One of the symptoms that commonly occurs following a concussion is a headache. If the headache does not gradually decrease in the first week following a concussion, as expected, a physical therapist should evaluate the neck for a cervical origin of the headache. If the neck is a source of head pain, a physical therapist can treat the neck to reduce headache symptoms.

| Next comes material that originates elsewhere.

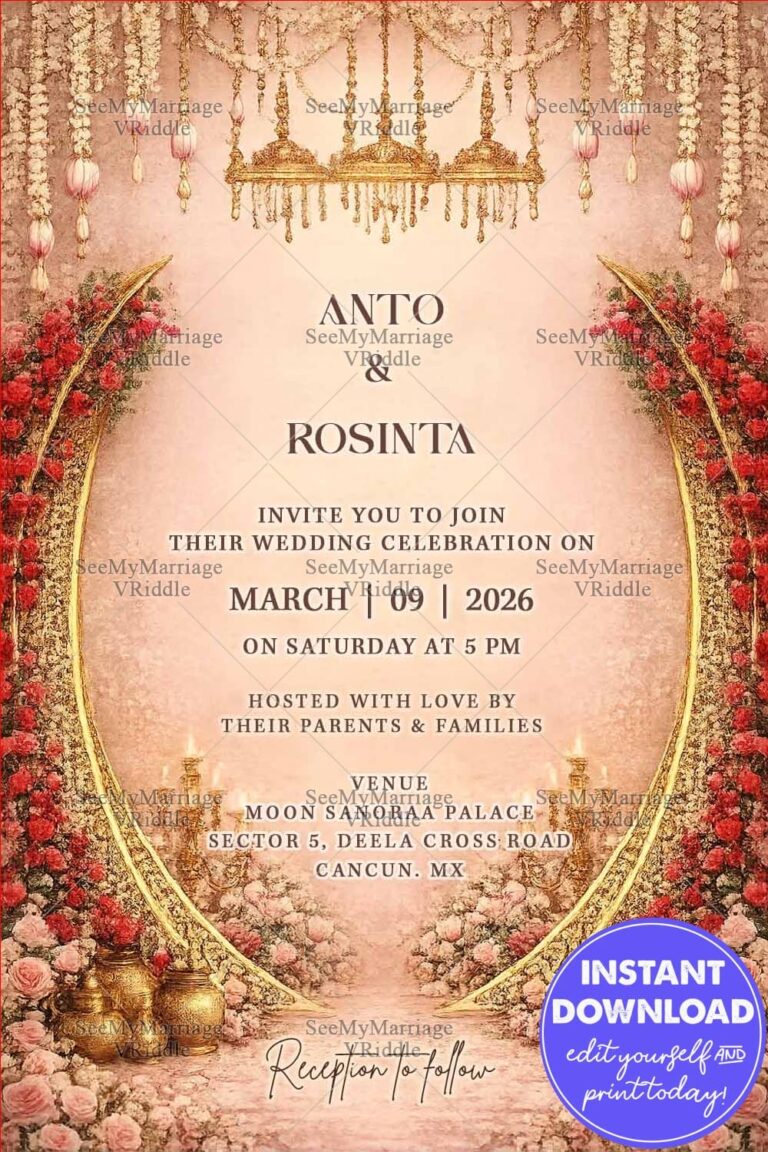 Pastel Wedding Invitation with Floral Archway, Golden Chandeliers & Romantic Rose Decoration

Other common symptoms after concussion that can be treated if they do not naturally resolve is balance and dizziness symptoms. Balance is often affected and can be treated in physical therapy with appropriate balance and coordination exercises as well as exercises that incorporate eye movements. Dizziness can be a component of a vestibular problem called BPPV (benign paroxysmal positional vertigo). Physical therapists can assess the cause of the dizziness and treat BPPV with appropriate manual positioning techniques that can resolve these symptoms rather quickly.
Exercise is also a key factor in returning a person with a concussion back to normal function. An athlete can be treated at their school if there is an athletic trainer present to monitor the appropriate exercise progression. In the clinic, exercise is used to progress athletes back to their sport in a graded progression as well as to help decrease symptoms in anyone that has concussion symptoms that last longer than expected. A physical therapist can give you specific guidelines on appropriate exercise intensity.
If you or someone you know is experiencing concussion symptoms that have not resolved as expected, an evaluation with a physical therapist is appropriate to address and treat these issues.